I wonder if one could format a drive with >3tb using TE4 and then revert to TE3?


----------



## tommage1 (Nov 6, 2008)

UCLABB said:


> I wonder if one could format a drive with >3tb using TE4 and then revert to TE3?


That is a question I asked myself. So far no one has tested, far as I know.


----------



## tommage1 (Nov 6, 2008)

One other interesting test that could be made with the "new" TE4. Since it seems to accept any drive, CMR or SMR, and any size, perhaps now an SSD would work too. Unfortunately I cannot test, my TE3 devices are staying that way, my one TE4 is a Bolt and cannot swap drives around without losing everything on current drive.
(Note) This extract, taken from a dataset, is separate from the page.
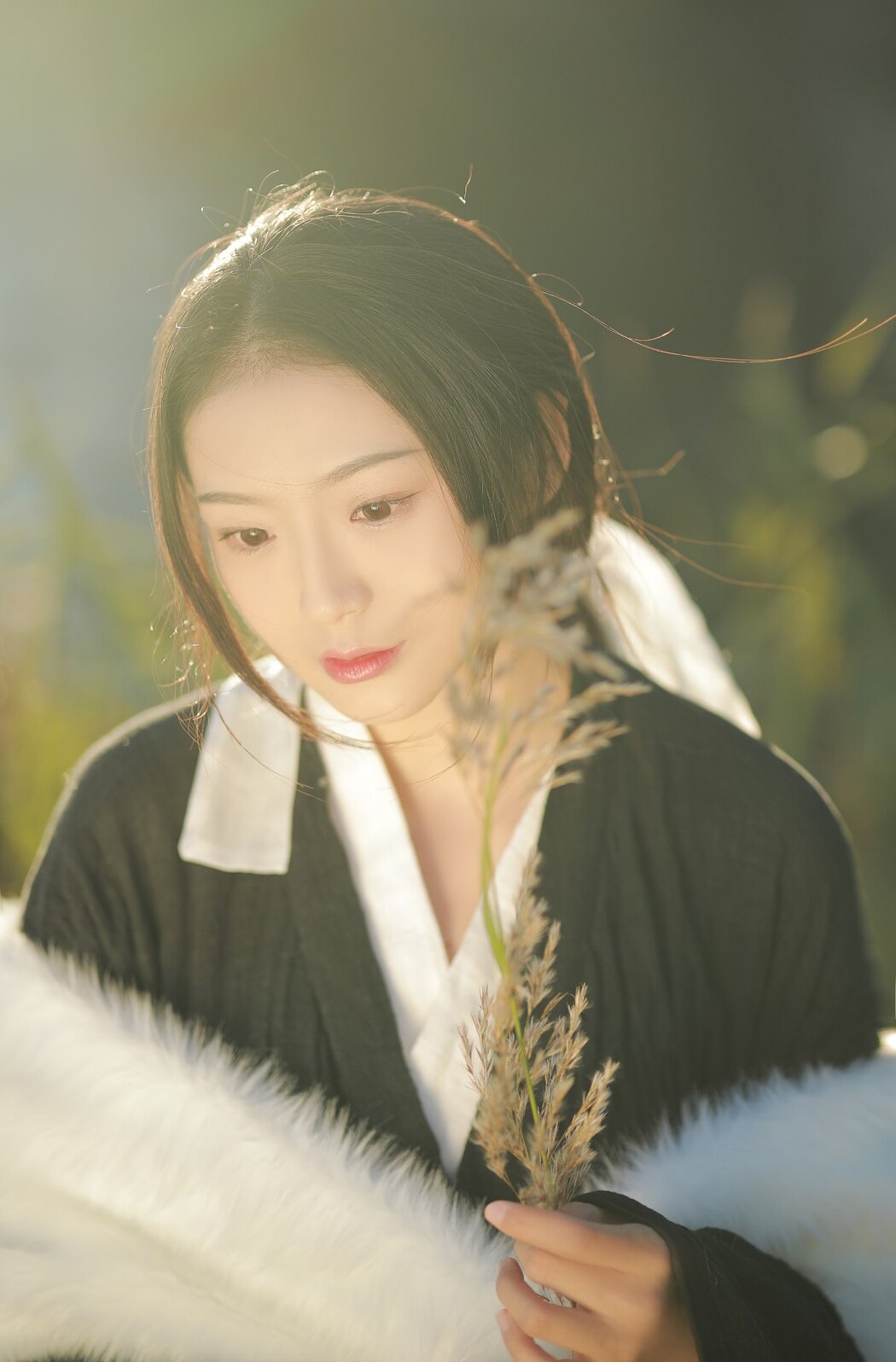 YiTuYu艺图语 Vol.1972 Nya Jiang De Ling Dang Dang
Don't really recommend an SSD, just curious if will work.


----------



## waterandland (Mar 2, 2020)

You need TE4. Your Tivo Bolt will work as well. It must have the latest updates and be using Hydra OS TE4


----------



## elorimer (Jan 1, 2012)

Wait, what?

I have a 4TB 2.5 inch in my Bolt from several years ago. As of then, it would fail to boot on TE4. I thought everything over 3TB (setting aside the external) was a no-go on TE4. If you tried it, you would need to put in the original disk, let it reformat, then downgrade to TE3, and then put in the big disk formated with the tools. Losing everything in the process, too, but then you couldn't (still can't?) reliably transfer any shows from to TE4 TiVo is working on a fix for transferred shows that freeze while playing.


----------